[Records for this task]:
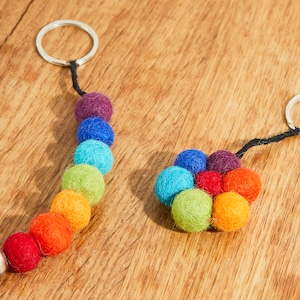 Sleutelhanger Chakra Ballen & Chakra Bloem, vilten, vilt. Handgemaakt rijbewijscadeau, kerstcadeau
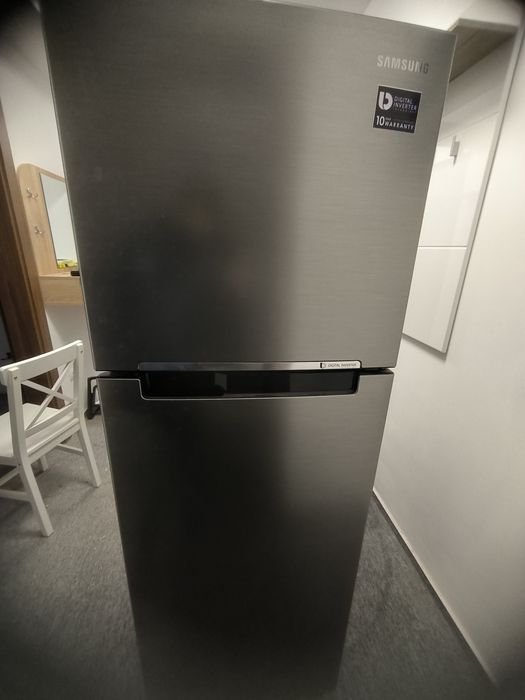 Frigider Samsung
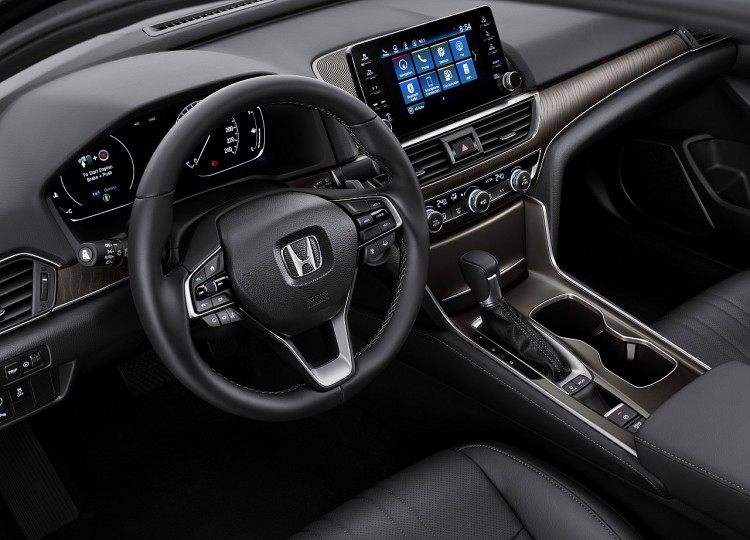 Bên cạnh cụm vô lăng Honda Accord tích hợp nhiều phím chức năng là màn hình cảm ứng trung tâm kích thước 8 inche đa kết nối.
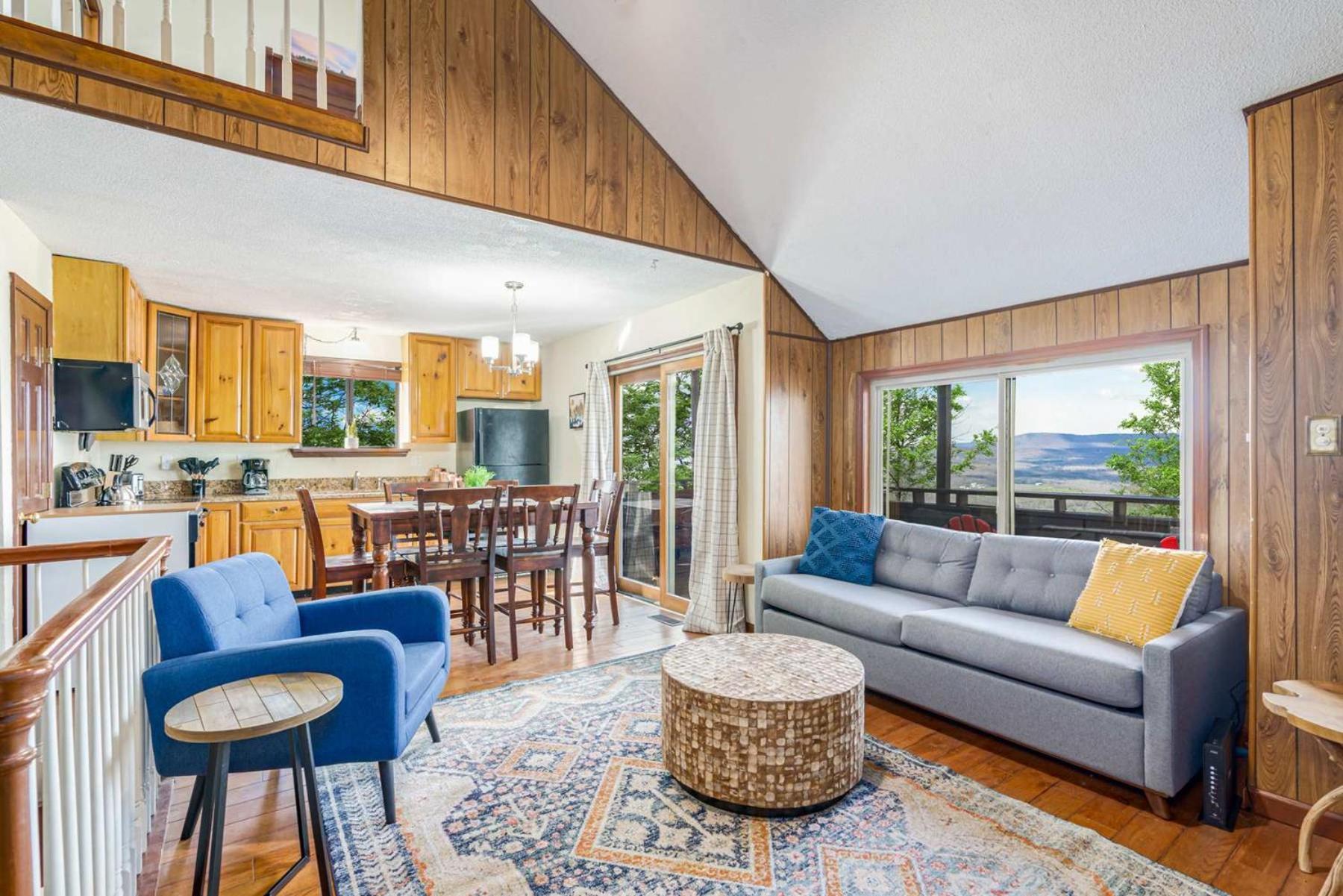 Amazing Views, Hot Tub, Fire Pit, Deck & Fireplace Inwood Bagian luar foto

* * *

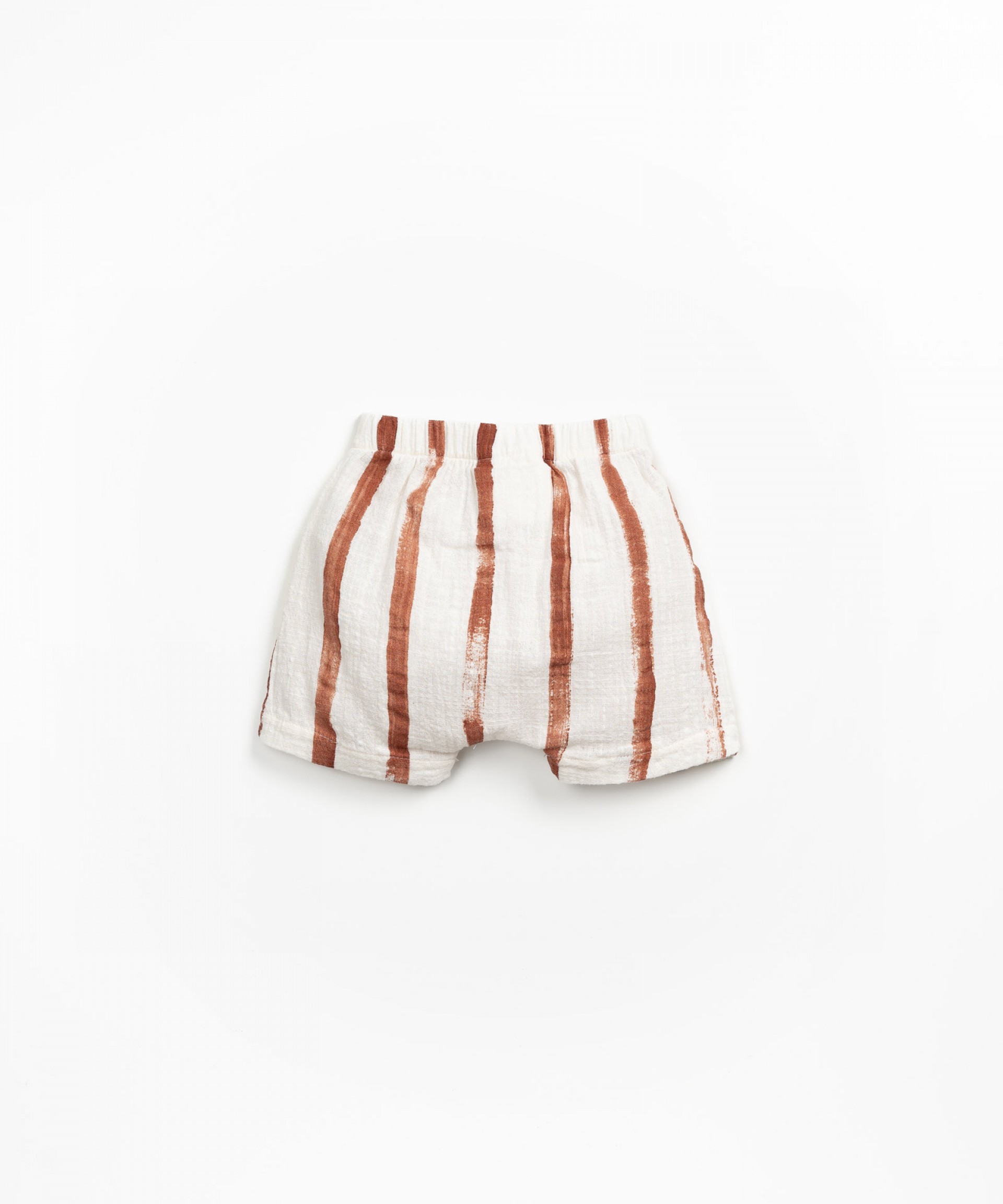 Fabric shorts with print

[What to do]: From the records above, copy exactly the stretch from the line holding "Bên cạnh cụm" through the line holding "Amazing Views, Hot", both ends included, without the pictures.

[Output]:
 Bên cạnh cụm vô lăng Honda Accord tích hợp nhiều phím chức năng là màn hình cảm ứng trung tâm kích thước 8 inche đa kết nối.
 Amazing Views, Hot Tub, Fire Pit, Deck & Fireplace Inwood Bagian luar foto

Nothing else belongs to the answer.